Если мы, придерживаясь эпистемологической стратегии, которая направляла наше исследование, переформулируем первые три вопроса в перспективе теологии – то и иудейская традиция, и Новый Завет дают на него однозначный и единодушный ответ: chayye 'olam, zōē aiōnios
, жизнь вечная. Эти синтагмы прежде всего обозначают то, что ждет праведников в качестве награды в грядущей вечности. Употребленное в этом значении выражение zōē aiōnios впервые встречается в Септуагинте как перевод chayye 'olam в Дан. 12:2, где сказано: «…многие из спящих в прахе земли пробудятся, одни для жизни вечной, другие на вечное поругание и посрамление». «Вечное», как явствует и из еврейского 'olam, означающего божественный мир и эсхатологическую реальность, и из греческого aiōn («aiōn, – пишет Иоанн Дамаскин, – был сотворен раньше небесной тверди и прежде времени»), имеет здесь не только временнóе значение: оно указывает на особое качество жизни, а точнее – на то преобразование, которое человеческая жизнь претерпит в грядущем мире. Поэтому иудео-эллинистическая традиция определяет его как «истинную жизнь» (alēthinē zōē: Phil. Leg. 1, 32) или как «жизнь нетленную» (aphthartos zōē: Phil. Gig. 15; Fug. 59), а также как «жизнь беспечную» (zōē amerimnos). В раввинской традиции эта грядущая жизнь описывается в терминах противопоставления жизни нынешней и вместе с тем как нечто, связанное с последней исключительной непрерывностью; иными словами, она предстает как упразднение биологических функций и низких инстинктов: «В грядущем мире не будет ни еды, ни питья; не будет ни размножения, ни воспроизведения.

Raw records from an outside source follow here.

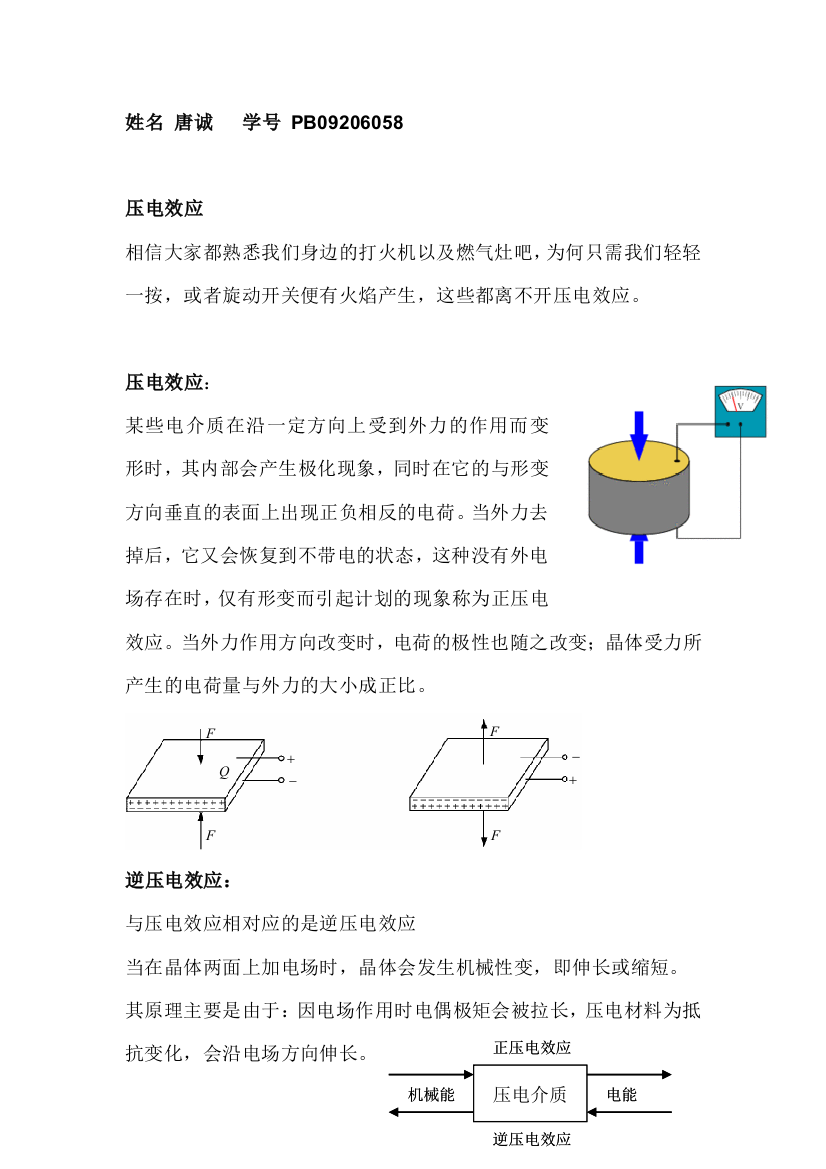 电磁学小论文压电效应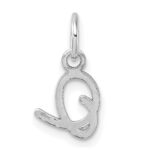 14K White Gold Uppercase Letter O Initial Charm - Image 3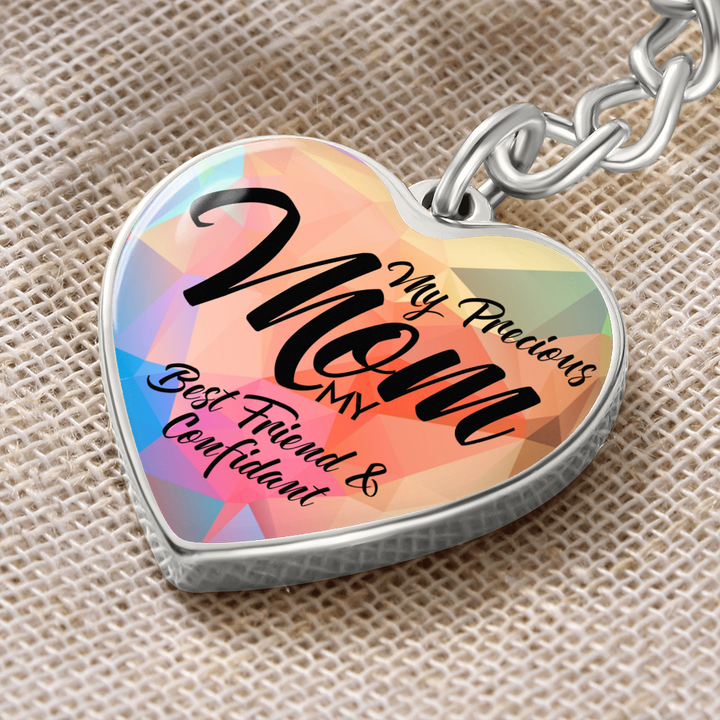 My Precious Mom - Graphic Heart Keychain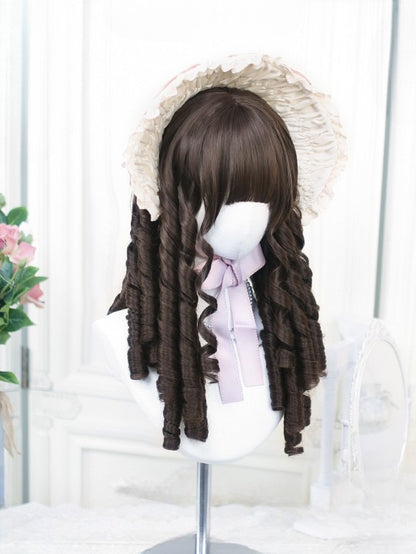 ローマンバングス 50-55CM ウィッグ付き ブラウン カーリー フル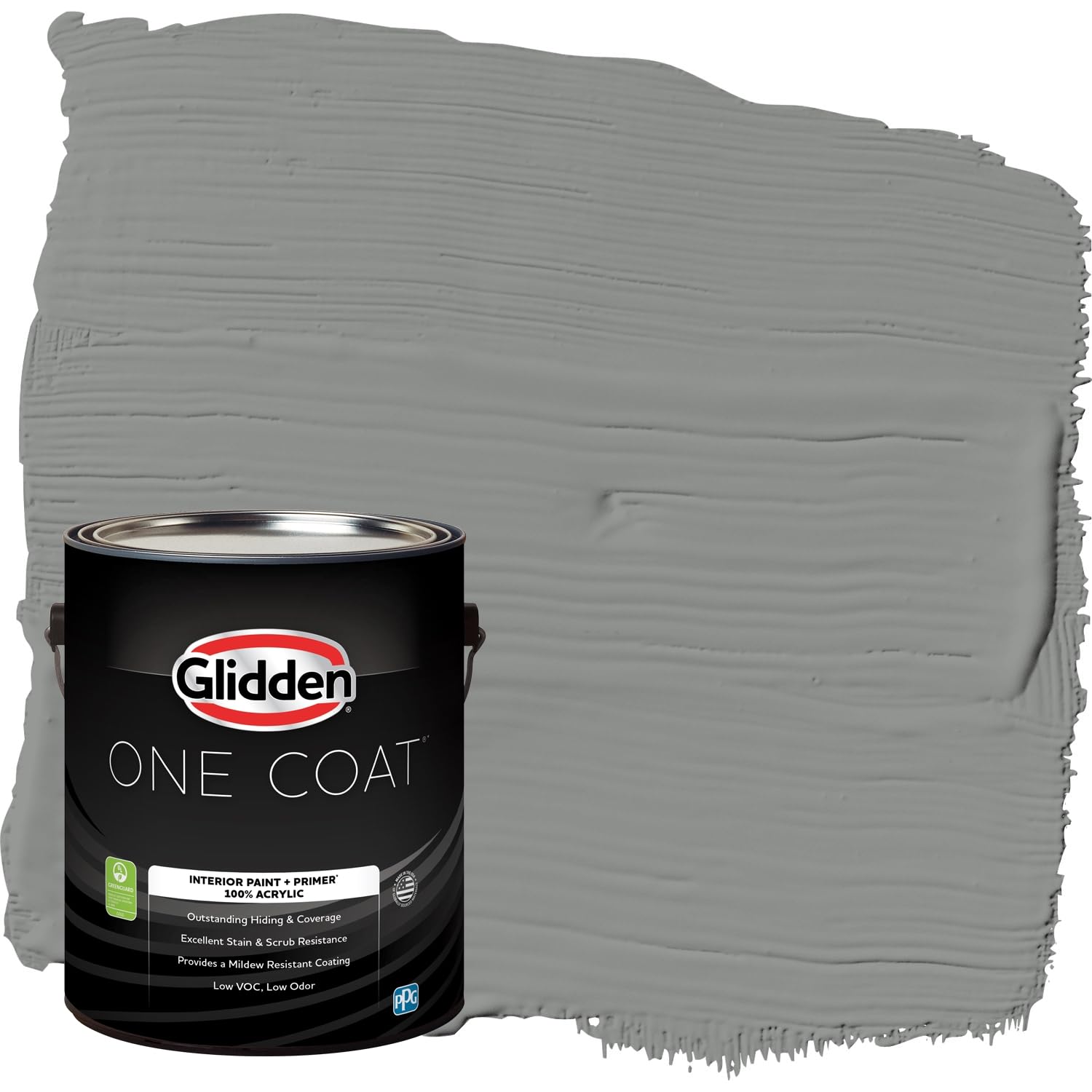 Glidden Interior Paint + Primer: Gray/Phoenix Fossil, One Coat, Eggshell, 1 Gallon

Не будет хлопот, торга, ссор, зависти и вражды; праведники будут восседать на тронах с короной на голове и блаженствовать в сиянии shekinah» (Talmud, b Ber., 17a).Прообразом короны, которую будут носить праведники, является венец, возлагавшийся на голову победоносного императора или атлета в качестве символа победы и выражающий причастность к славе в жизни вечной. Это символ того же порядка, что и «венец славы» (stephanos tēs doxēs
) или «венец жизни» (stephanos tēs zōēs), который в Новом Завете становится вспомогательным термином для обозначения славы блаженных: «Будь верен до смерти, и дам тебе венец жизни» (Откр. 2:10); «Вы получите неувядающий венец славы» (1 Пет. 5:4); «Он получит венец жизни» (Иак. 1:12).Павел неоднократно использует этот символ для описания эсхатологической ситуации праведников, сравнивая их с атлетами, бегущими на ристалище («Те получат венец тленный, мы – нетленный»[264]

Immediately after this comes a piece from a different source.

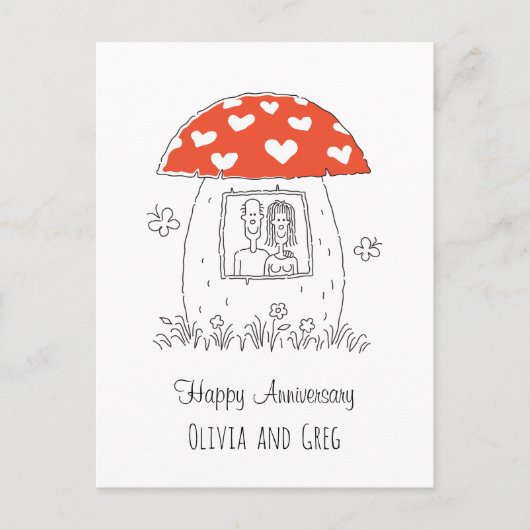 Happy Wedding Jubileum Heart Mushroom Briefkaart (Voorkant)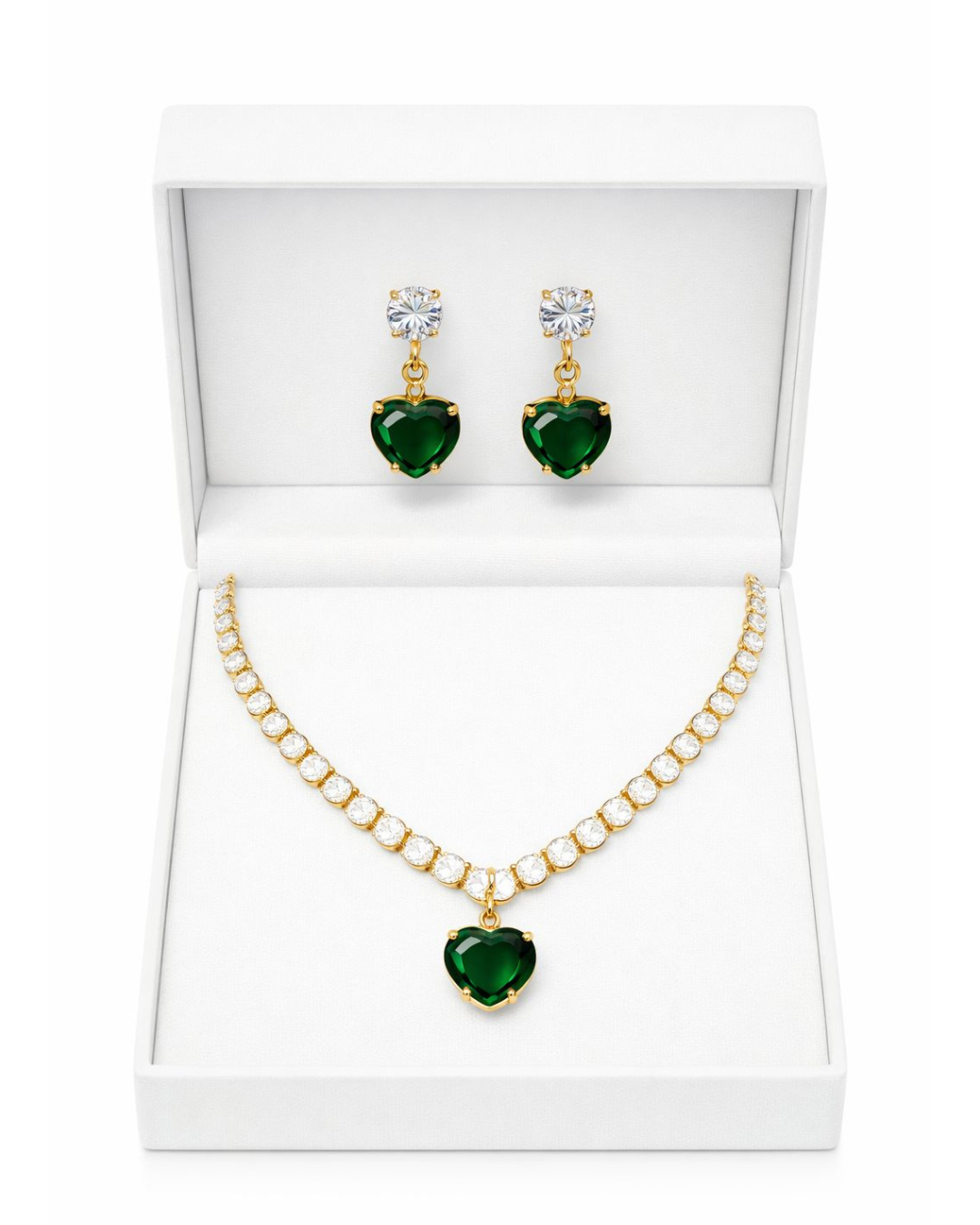 Premium Gold Finish Emerald Crystal Heart Necklace & Earrings Set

, 1 Кор. 9:25; «Подвигом добрым я подвизался, течение совершил, веру сохранил; а теперь готовится мне венец правды, который даст мне Господь в день оный»; 2 Тим. 4:7–8). Однако тема вечной жизни не просто связана в его представлении c неким будущим состоянием, но подразумевает особое качество жизни в мессианском времени (ho nyn kairos, время часа сего), то есть жизни в Иисусе Христе («жизнь вечная через Иисуса Христа, Господа Нашего»: Рим. 5:21). На нынешней жизни лежит особый отпечаток бездеятельности, которая в настоящем некоторым образом предвосхищает субботство Царства: hōs mē, «как не». Подобно тому как мессия привел к свершению закон, в то же время обратив его в бездеятельность (глагол, который Павел использует для обозначения отношения между мессией и законом – katargein, – буквально означает «сделать argos», бездеятельным), так и hōs mē сохраняет и в то же время упраздняет в настоящее время все юридические условия и все социальные характеристики членов мессианского сообщества:Я сказываю, братия: время уже коротко, так что имеющие жен должны быть, как не [hōs mē
] имеющие; и плачущие, как не плачущие; и радующиеся, как не радующиеся; и покупающие, как не приобретающие; и пользующиеся миром сим, как не пользующиеся; ибо проходит образ мира сего. [1 Кор. 7:29–32.]